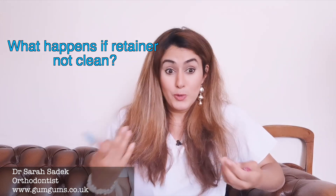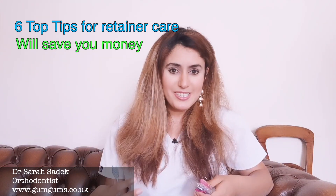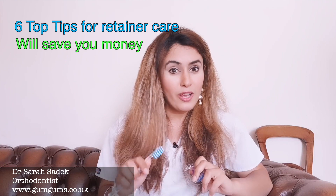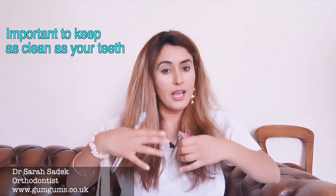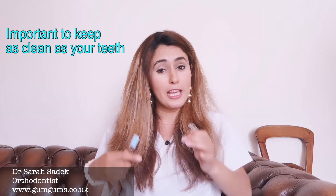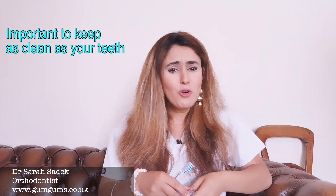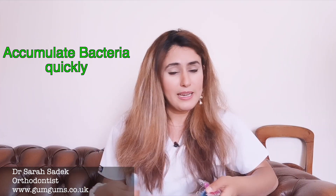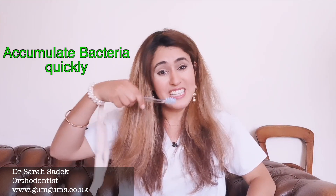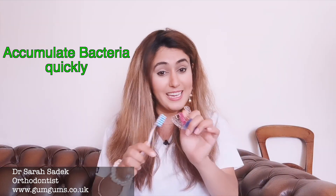What happens if I don't clean my retainer? At the end of this video I'll be sharing my six top tips on caring for your retainers to make them last longer, so make sure you keep watching right until the end. Retainers help the muscles and tissues in your mouth hold your teeth into their new positions. Just as it was crucial to keep your teeth clean during braces, it is equally important to keep your retainers clean. Your retainers sit inside your mouth against your teeth and can very quickly accumulate food, bacteria, plaque, and tartar. So just like you brush your teeth every day, it is equally important that you clean your retainers every day.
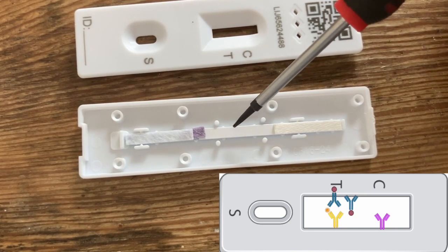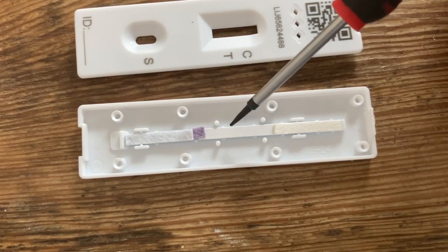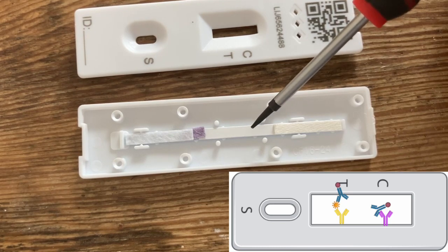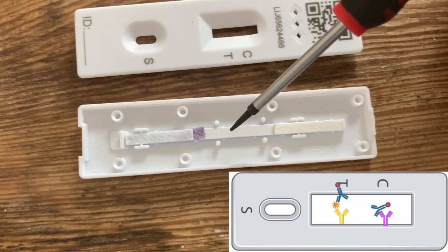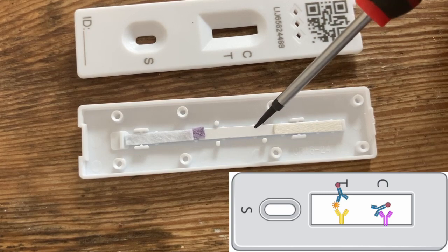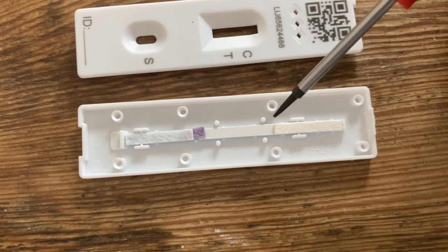So if you're testing positive, you'll get a red line appear there, because that's where the trapped antibodies will sit. Now these things just carry on until they get to the control line. This just basically indicates that the test is working — any of the antibodies that didn't get stuck at the T line now get stuck there. And then anything remaining carries on to the pad at the end.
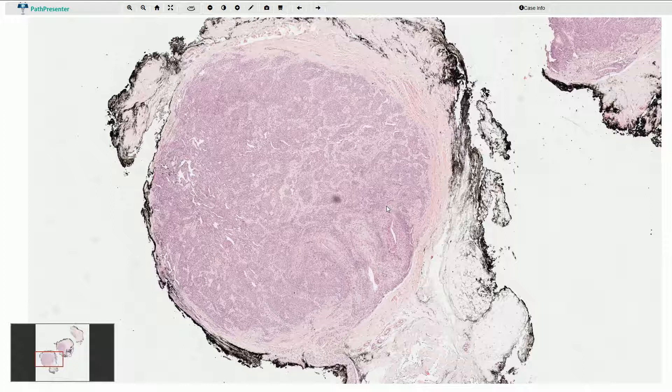The glomus bodies consist of multiple layers of so-called myoepithelioid cells, and these cells are responsible for prominent vasoconstriction. These cells can sometimes create a so-called glomus tumor. The glomus tumor is most commonly localized in the distal extremities, especially underneath the fingernails and toenails, simply because we have a lot of glomus bodies in these areas.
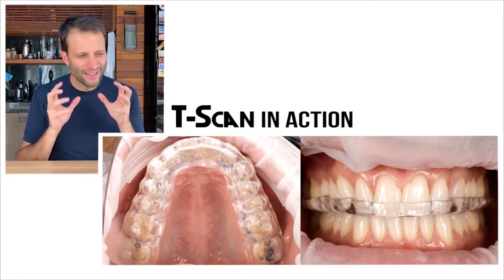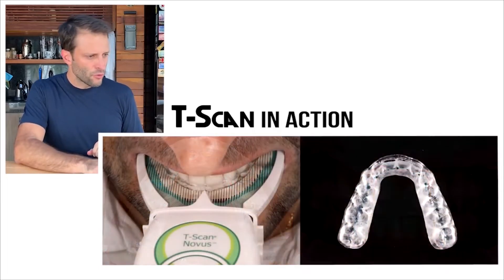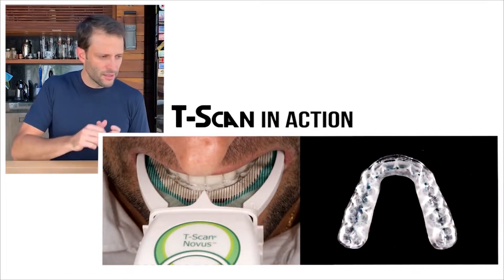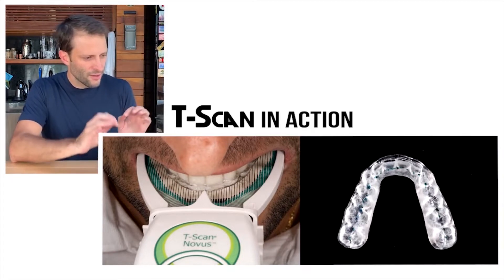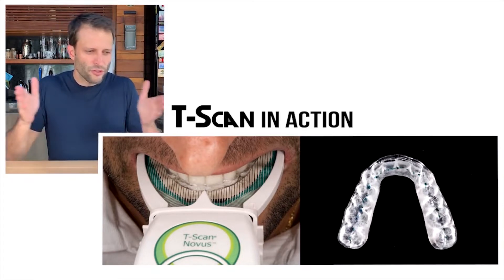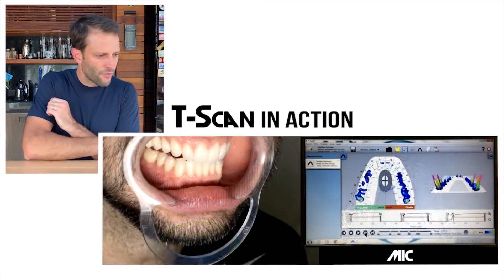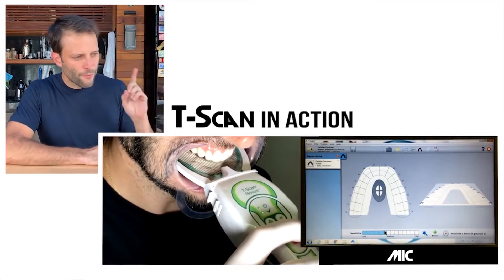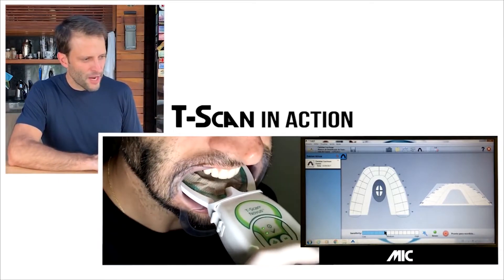When we touch all the teeth together, we can see that the bite is where it should be. What I'm doing here is a selfie T-scan — it's so simple to use that we can even do it on yourself. Of course, on regular patients, the dentist is usually doing that. There are a couple of videos of myself; first I'm testing maximum intercuspation.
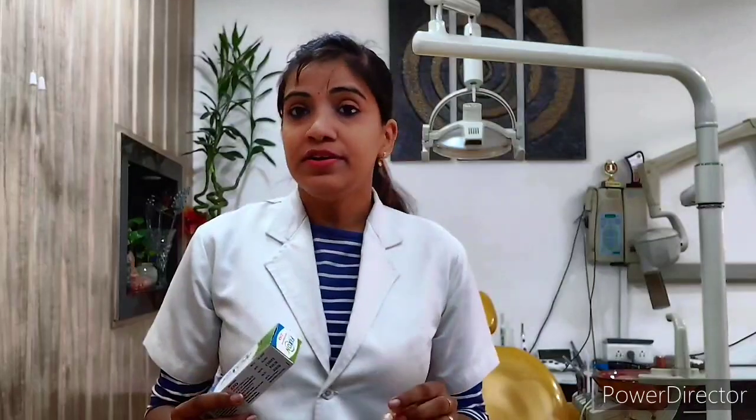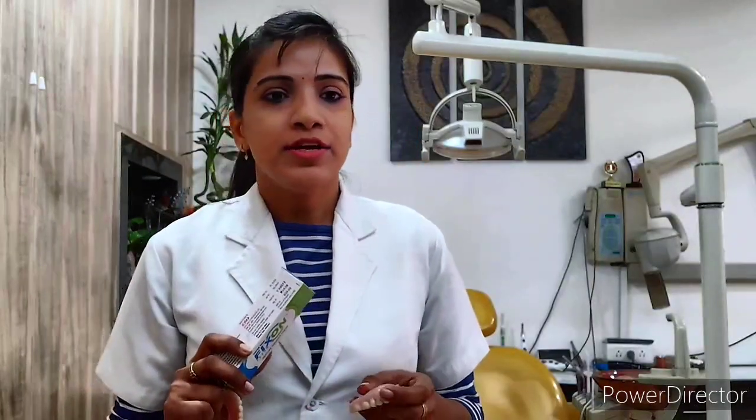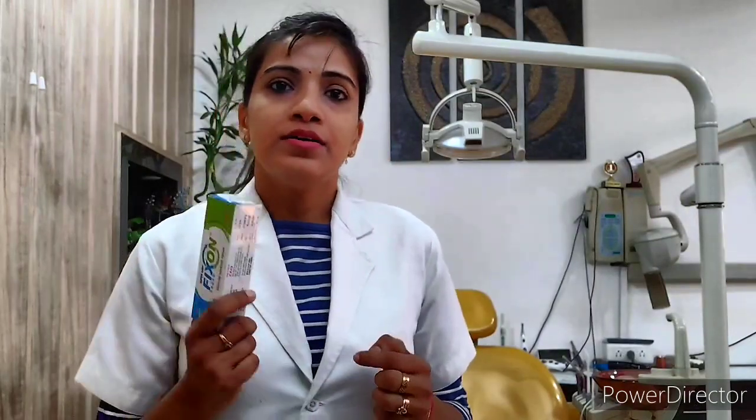We will not use too much because if it goes into the stomach it can cause gastritis. We will also not use denture adhesive in partially edentulous patients because it is acidic, and when it is acidic around natural teeth it can cause a lot of decay.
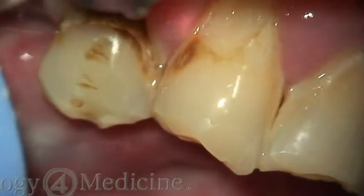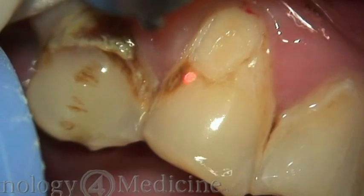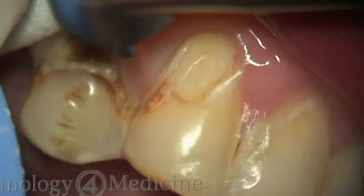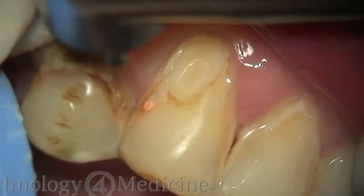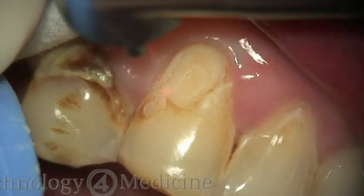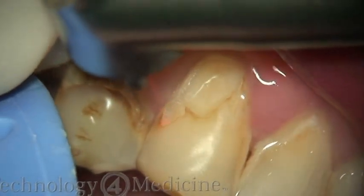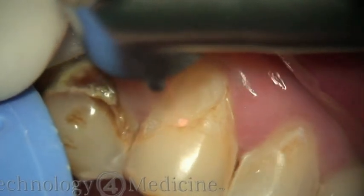Because we don't use a topical or local anesthetic, one of the advantages is that I can do multiple restorations — not only in the same quadrant, but in other quadrants as well — which allows maximum productivity for the patient. They don't have to come back for multiple visits, it opens up chair time for other patients and procedures, and for me it's a great return on investment.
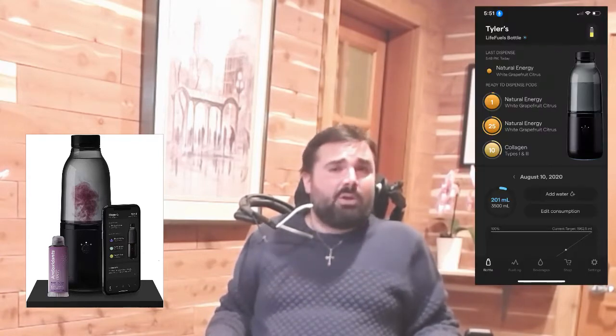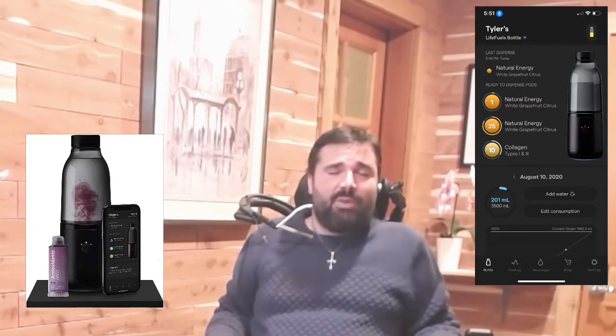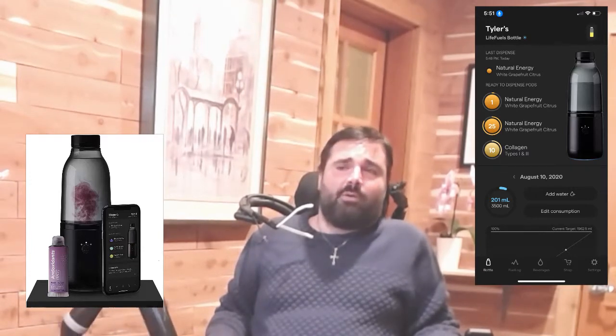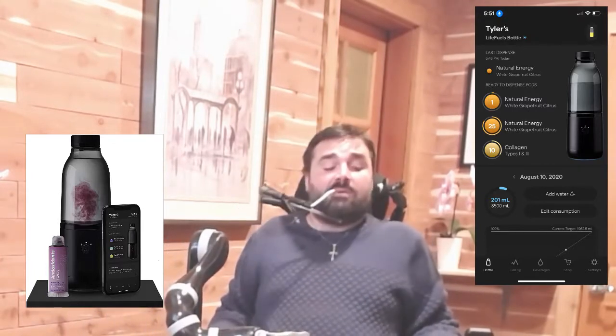Hey y'all, I'm excited to show you a couple of cool technologies. One is called a LifeFuel smart water bottle. You put little pods in the bottom of it, and using an app on your phone you can dispense liquid vitamins — multivitamin, pre-workout, collagen protein, natural energy, and more. What I thought was really cool is that I can never grab vitamins on my own, so with my Canova robotic arm I can grab this water bottle, fill it up at my sink, and drink water.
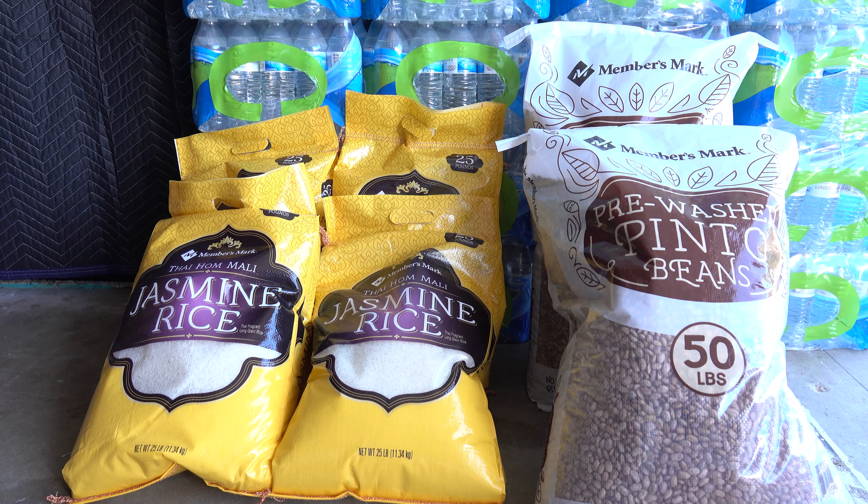Welcome back to the Tactical Family Channel. Today we're looking at some rice and beans that I recently picked up from Sam's Club. Both of these items are great for long-term food storage, but I'm going to use these currently for short-term food storage. With all the panic buying going on right now in reference to the coronavirus, I decided to go ahead and get some videos in for food storage both long and short-term and food prepping.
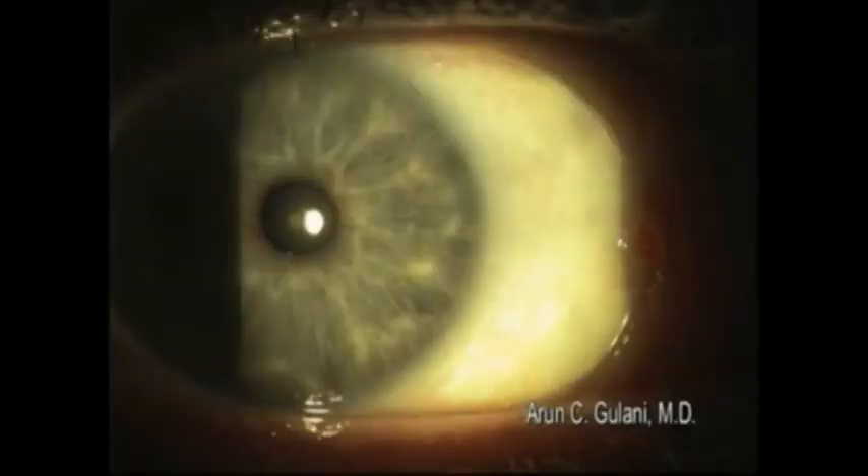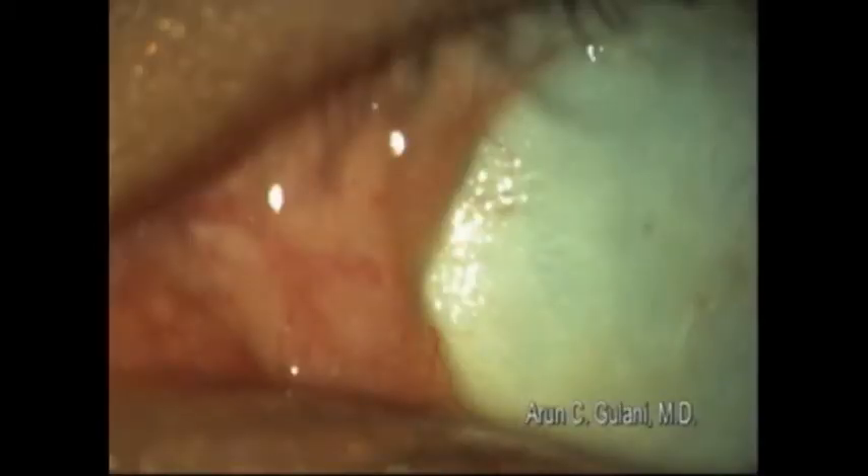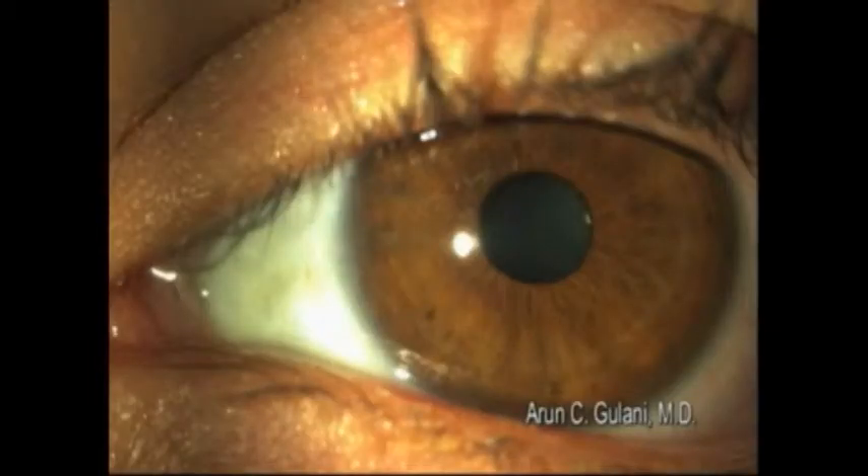Pre-op pterygium, post-op appearance, high magnification picture showing the amniotic membrane in place, well-adhered with the glue, and next day appearance of these patients.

-.-.-

### Exercise directions
Write out, word for word, the stretch of entries that begins at the line with "Because we don't" and ends at the line with "Hey y'all, I'm". Pictures do not belong in it.

### Problem solution
Because we don't use a topical or local anesthetic, one of the advantages is that I can do multiple restorations — not only in the same quadrant, but in other quadrants as well — which allows maximum productivity for the patient. They don't have to come back for multiple visits, it opens up chair time for other patients and procedures, and for me it's a great return on investment.
Hey y'all, I'm excited to show you a couple of cool technologies. One is called a LifeFuel smart water bottle. You put little pods in the bottom of it, and using an app on your phone you can dispense liquid vitamins — multivitamin, pre-workout, collagen protein, natural energy, and more. What I thought was really cool is that I can never grab vitamins on my own, so with my Canova robotic arm I can grab this water bottle, fill it up at my sink, and drink water.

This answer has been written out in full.